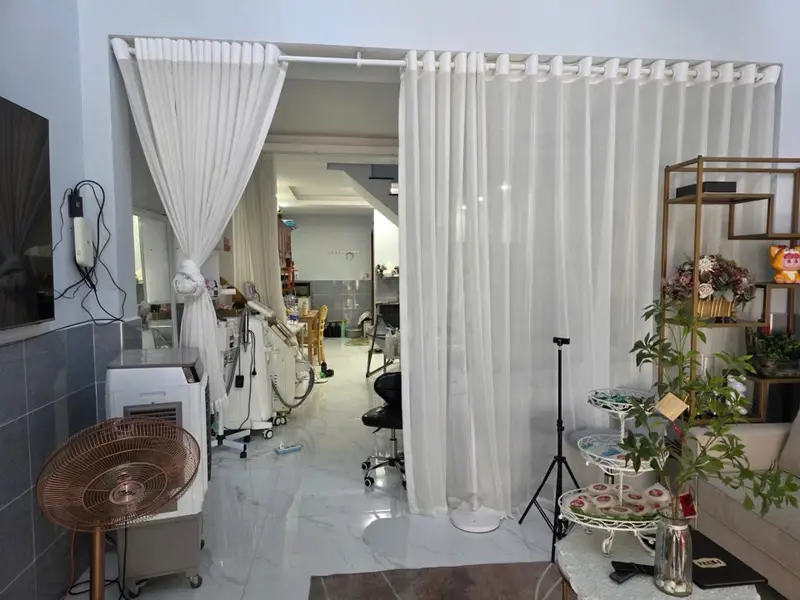 Bán nhà mặt tiền tại ĐHT31, diện tích 42m2, kinh doanh sầm uất, giá 5.99 tỷ... Bán nhà mặt phố tại Đông Hưng Thuận, Hồ Chí Minh 01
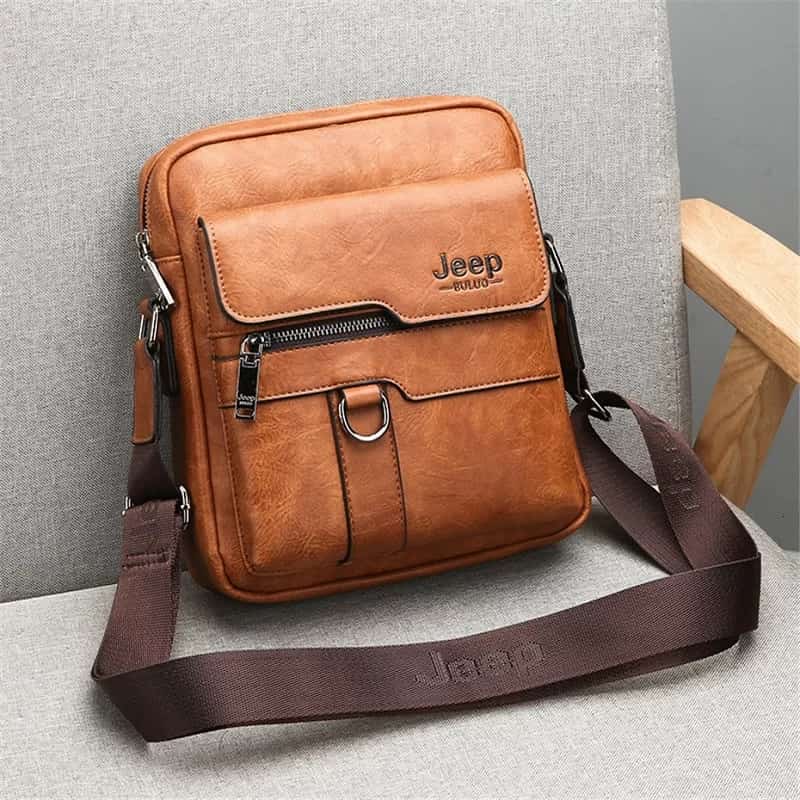 کیف چرم مارک جیپ Jeep leather bag پوست گاو اسپرت بند دوشی (بانوان آقایان)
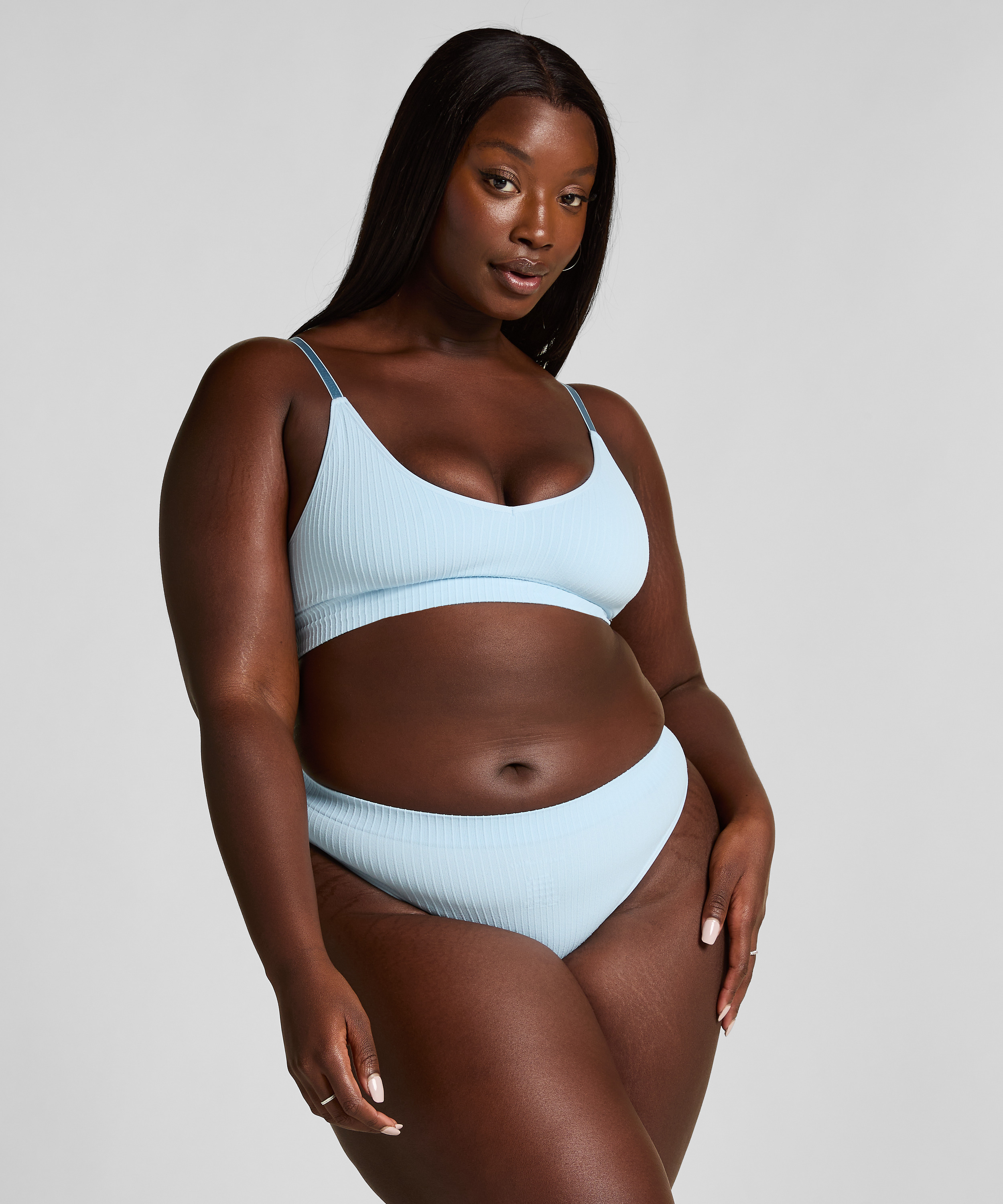 Ψηλόμεσο Στρινγκ Dianne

============

_EXERCISE:_
Reproduce the material above exactly but drop all images.

_TASK SOLUTION:_
 Bán nhà mặt tiền tại ĐHT31, diện tích 42m2, kinh doanh sầm uất, giá 5.99 tỷ... Bán nhà mặt phố tại Đông Hưng Thuận, Hồ Chí Minh 01
 کیف چرم مارک جیپ Jeep leather bag پوست گاو اسپرت بند دوشی (بانوان آقایان)
 Ψηλόμεσο Στρινγκ Dianne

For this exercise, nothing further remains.